→ **SOURCE MATERIAL**:
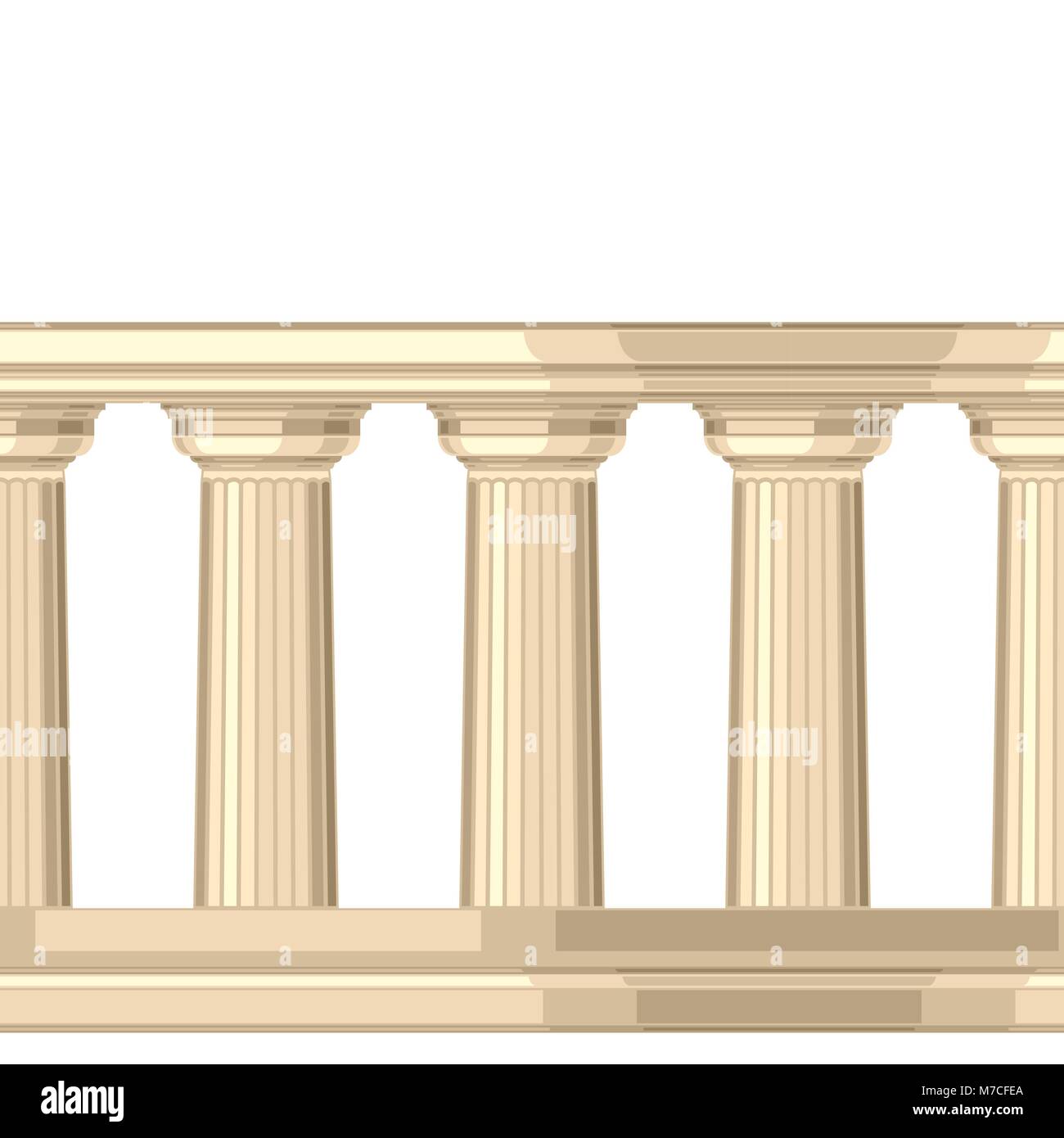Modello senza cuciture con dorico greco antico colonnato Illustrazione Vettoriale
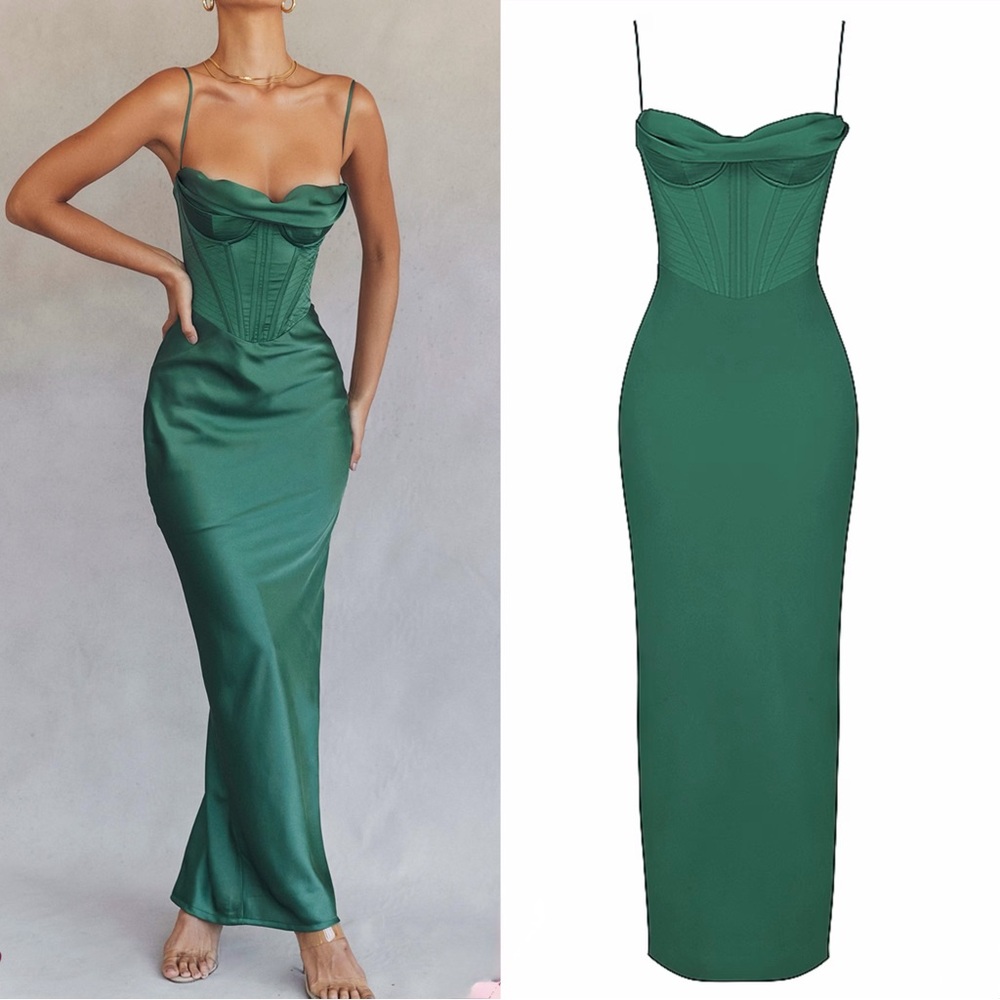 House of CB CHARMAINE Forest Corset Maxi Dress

--

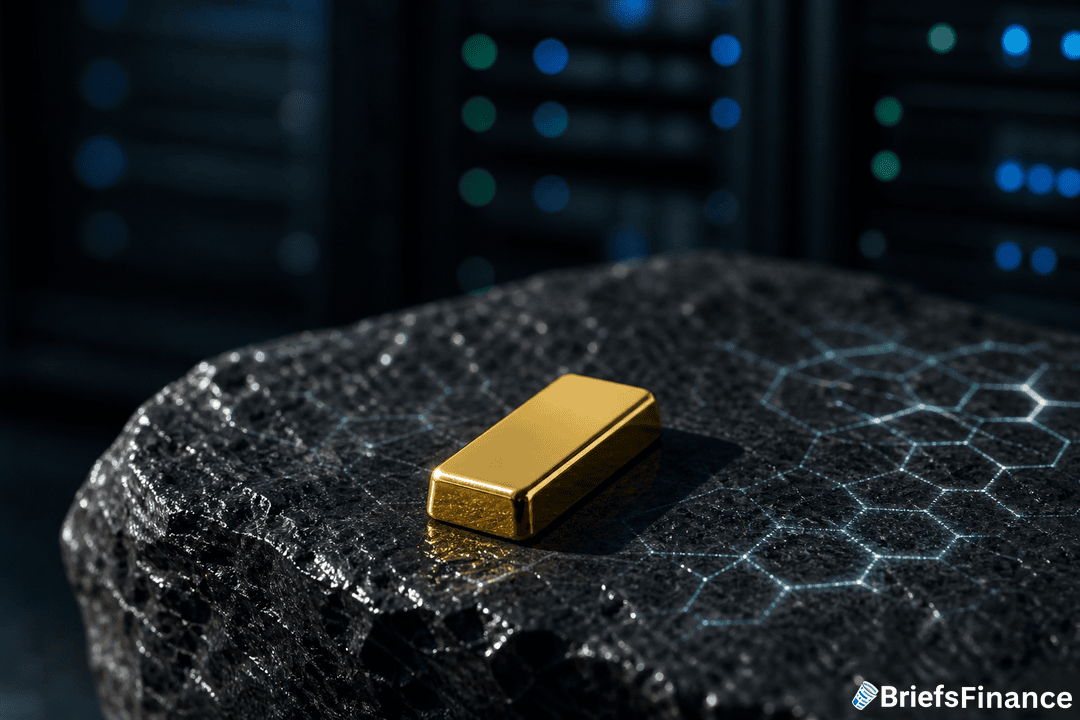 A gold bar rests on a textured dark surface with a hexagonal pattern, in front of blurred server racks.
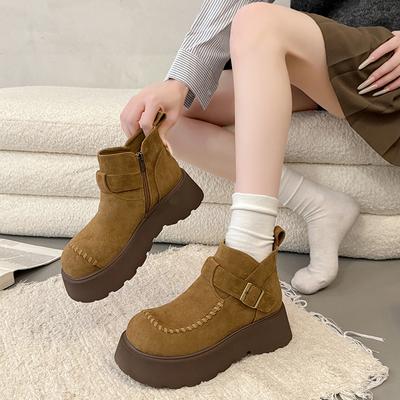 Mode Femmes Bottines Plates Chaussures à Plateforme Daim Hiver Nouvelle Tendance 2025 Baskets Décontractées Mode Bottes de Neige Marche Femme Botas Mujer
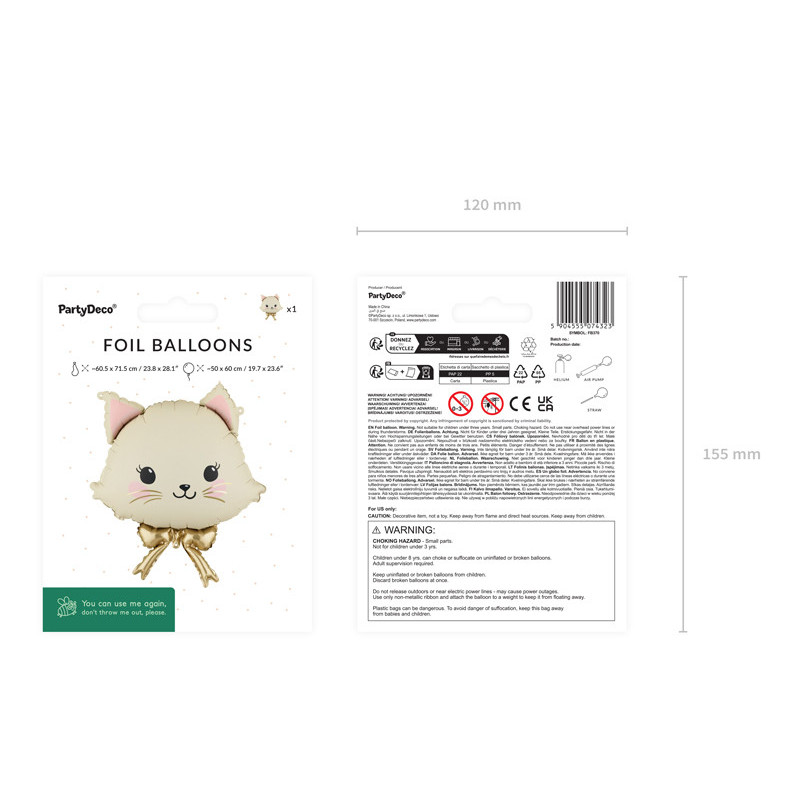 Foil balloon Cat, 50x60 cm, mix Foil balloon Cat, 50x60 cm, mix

→ **ABOUT THIS EXERCISE**:
Give exactly the lines above that run from the line with "Modello senza cuciture" to the line with "House of CB", both included, leaving every picture out.

→ **RESULT OF THIS TASK**:
Modello senza cuciture con dorico greco antico colonnato Illustrazione Vettoriale
 House of CB CHARMAINE Forest Corset Maxi Dress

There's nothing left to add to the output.